There were so many distractions and the pacing was too fast at times. Teachers often said things verbally that weren’t written anywhere and they expected everyone to keep up and write them down.
This isn’t ideal for anyone with auditory processing difficulty.
This meant that she “learned” things in a classroom and then had to learn them again at home with me teaching them. She was perfectly capable of learning the information, but not in the school classroom setting.
There were certainly paths we could walk to get her support and help in the classroom, but the process was clearly going to be long and tedious even though we already had all of the testing results ready to share.
And ultimately, she has a mom who was willing to homeschool her so the frustration wasn’t worth it.
She was eager to branch out and meet new friends at school.
And she did!
But she quickly realized there was a limited amount of time to actually socialize with them. (The irony of a lack of socialization time in school wasn’t lost on me…)

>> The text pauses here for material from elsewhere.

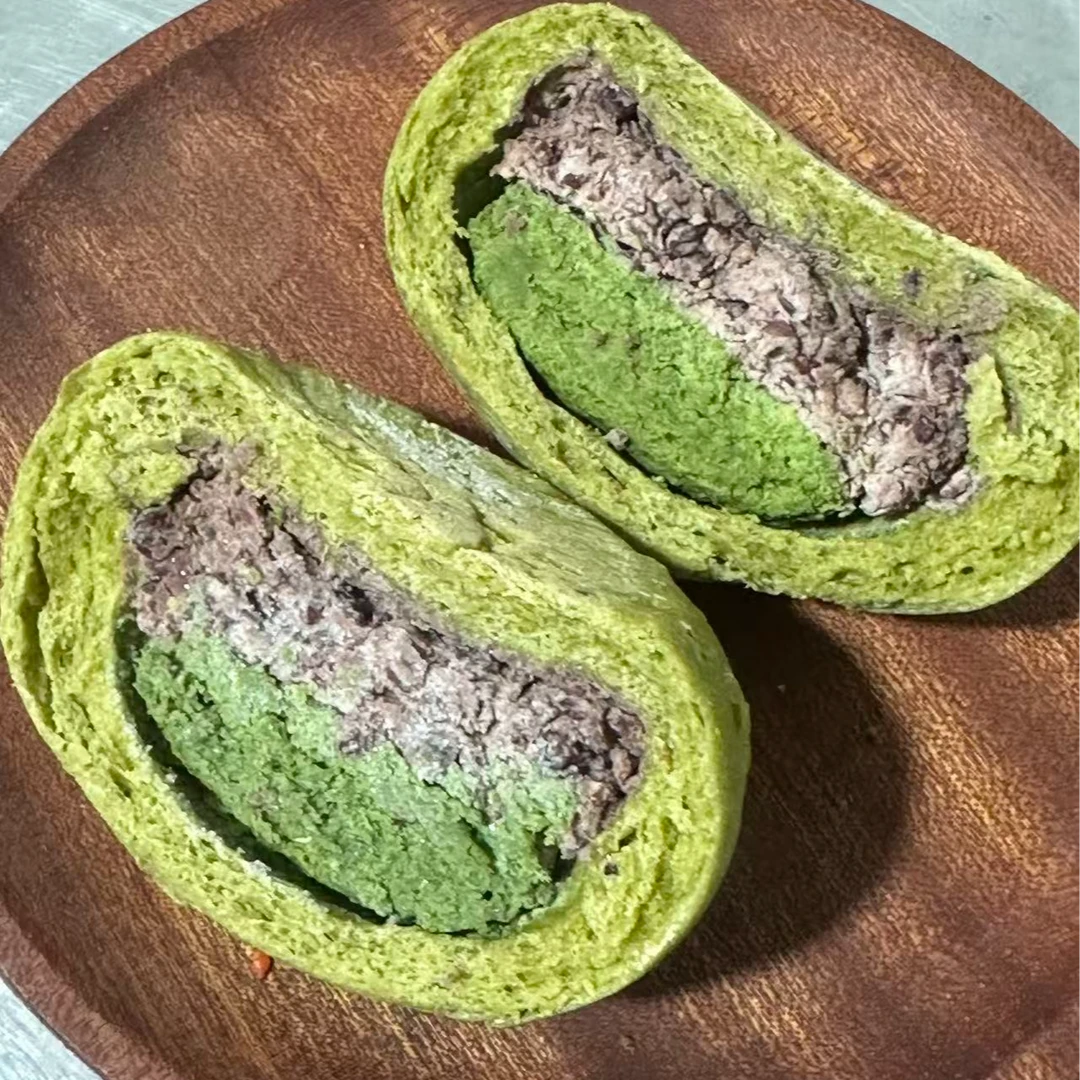 赠品只发一个抹茶红豆软欧包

Ultimately she realized there wasn’t a “hole” in her life the way she felt at one time.
She turned in an application to this school during a time when she felt lonely and a bit lost at home. It was at the beginning of our “throw the noodles at the wall” stage and we were working hard to find groups and activities for her to enjoy.

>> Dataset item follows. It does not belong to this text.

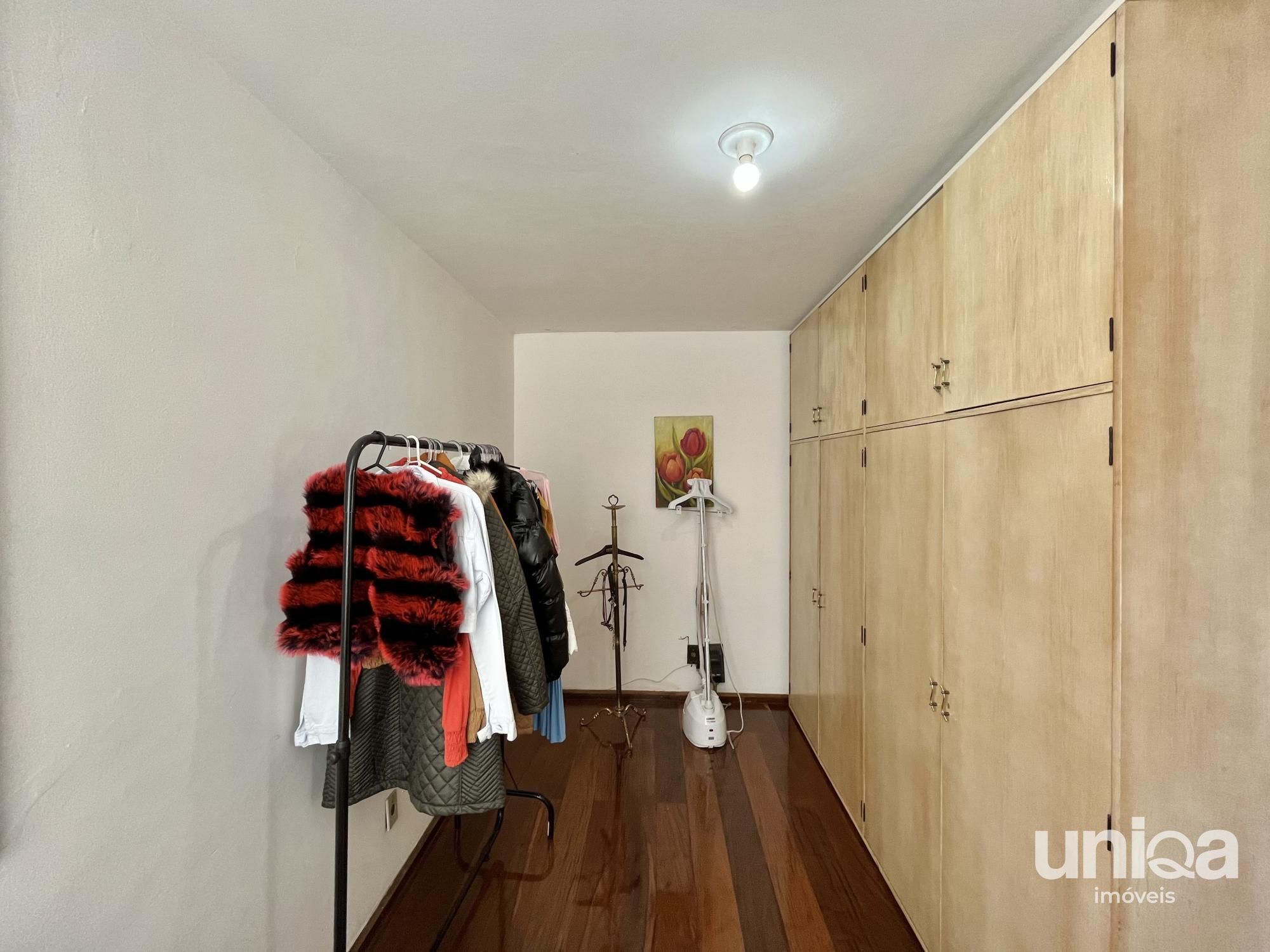 Casa para venda de 05 dormitórios em Santa Maria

Working hard to find her passions had paid off over the year and she realized that she no longer felt lonely and lost at home, but she was still curious enough to give the school a try.
With her curiosity satisfied, she returned home with confidence.
Let’s face it. Sometimes life is boring. And sometimes that is true of her time in our homeschool.
She has a lot of free time and isn’t able to drive yet to go on adventures, so there is a lot of time spent just sitting at home.
And she was bored.
Turns out that school has plenty of boring moments too.
And she preferred the boredom of home.
BONUS: She doesn’t complain about being bored at home anymore. (HA)
Five: Her Passions
She gave up a weekly master class for musical theater, voice lessons, and drawing classes to leave margin in her life for school. We knew that school would fill in the gaps because her schedule included both a Musical Theater and Visual Arts course at school.
Unfortunately, despite her two years of private art lessons, they enrolled her in the level 1 drawing class and she was bored.
Her musical theater class required projects and writing assignments (as do most classes in school). She was excited to sing, dance, and act in her theater class, but didn’t expect so much written work. After spending a complete class doing written work, she felt pretty disappointed.
She didn’t want her learning weaknesses to destroy an area of strength and enjoyment. And we didn’t either.
We were convinced. Even though we had planned to push her to finish a semester, we knew that wasn’t the right choice.
And we let her change direction with confidence. And we cheered her on again.